Not on country song in the bunch and the Guess Who had only one song in the whole list as did Anne Murray and Gordon Lightfoot. This is probably the worst top 100 list I have ever seen.


----------



## vadsy (Dec 2, 2010)

Not enough Kim Mitchell or Trooper but still probably the best list I've ever seen.


----------



## Tarbender (Apr 7, 2006)

A list of shite.
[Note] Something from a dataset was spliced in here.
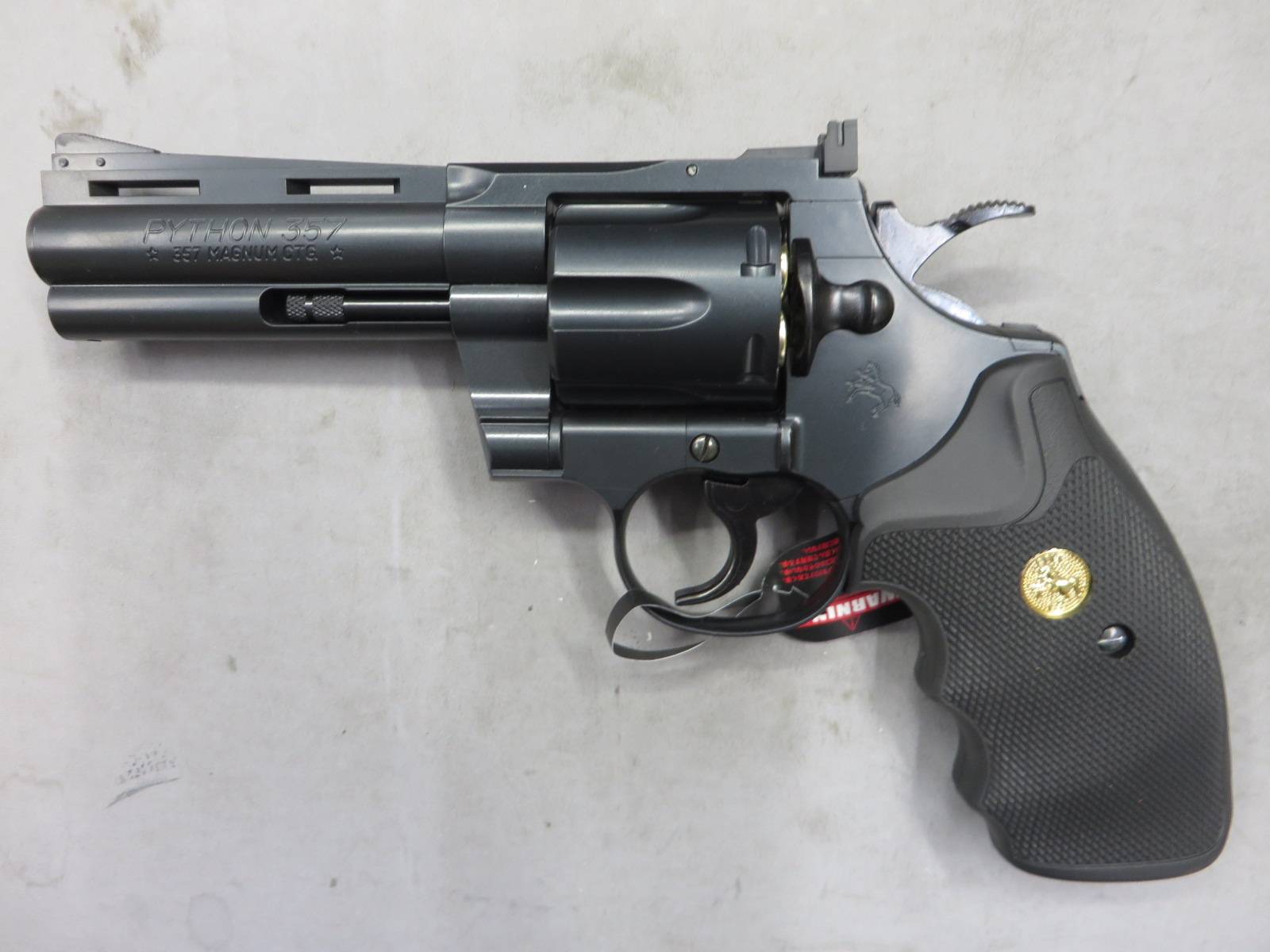 【東京マルイ】コルトパイソン.357mag 4in 24連射リボルバー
There were some good ones but the a lot of the "indie" and "R&B" stuff I had never heard of before and was not at all impressed with the vids of these unknowns.


----------



## vadsy (Dec 2, 2010)

To be honest, I didn't even look at the list.


----------



## zontar (Oct 25, 2007)

With a band name possibly adapted from this real Canadian band-


----------



## JBFairthorne (Oct 11, 2014)

Steadfastly said:


> Not on country song in the bunch and the Guess Who had only one song in the whole list as did Anne Murray and Gordon Lightfoot. This is probably the worst top 100 list I have ever seen.


There was only one on the list by those artists because the criteria for the list limited the number of songs to one per artist. It was intentional.


----------



## Steadfastly (Nov 14, 2008)

JBFairthorne said:


> There was only one on the list by those artists because the criteria for the list limited the number of songs to one per artist. It was intentional.
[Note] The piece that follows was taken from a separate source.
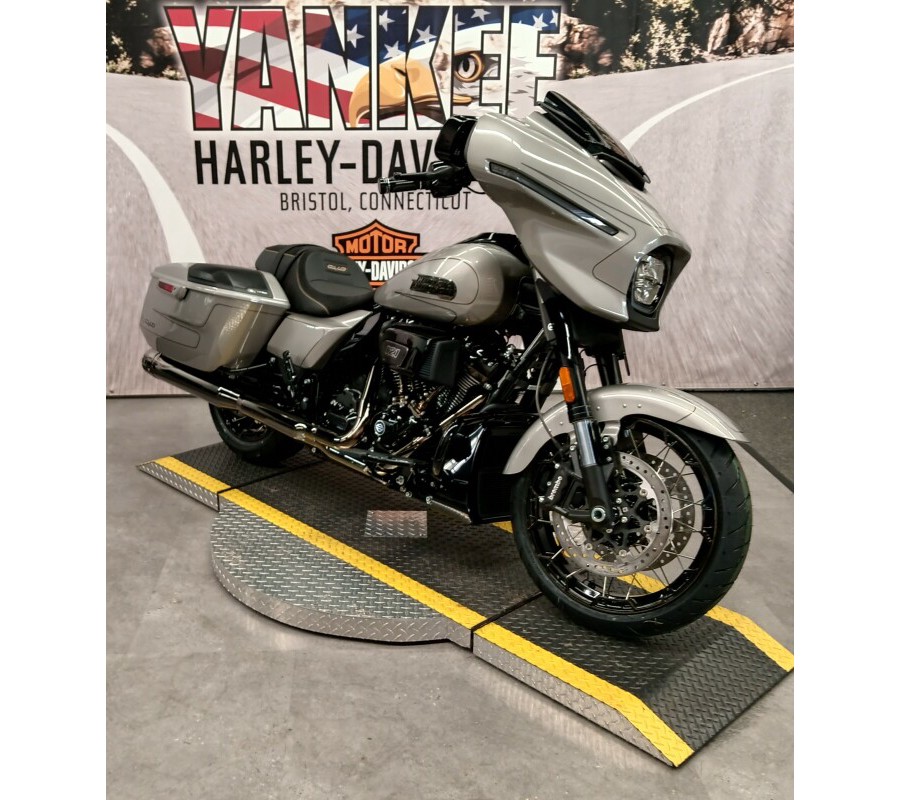 2023 FLHXSE CVO™ Street Glide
In that case, the list was mistitled.


----------



## JBFairthorne (Oct 11, 2014)

Well maybe title "The 100 Best Canadian Songs Limited To One Per Artist And Produced After 1950" was already taken...


----------



## allthumbs56 (Jul 24, 2006)

JBFairthorne said:


> Well maybe title "The 100 Best Canadian Songs Limited To One Per Artist And Produced After 1950 *and not including Country*" was already taken...


Fixed............................. and as per Vadsy, where was Thundermug's Africa? How about Crowbar's What A Feelin?


----------



## JBFairthorne (Oct 11, 2014)

Well my title is JUST the right length. Yours is MUCH too long to be practical. Geez...get a grip.


----------



## Xelebes (Mar 9, 2015)

delete


----------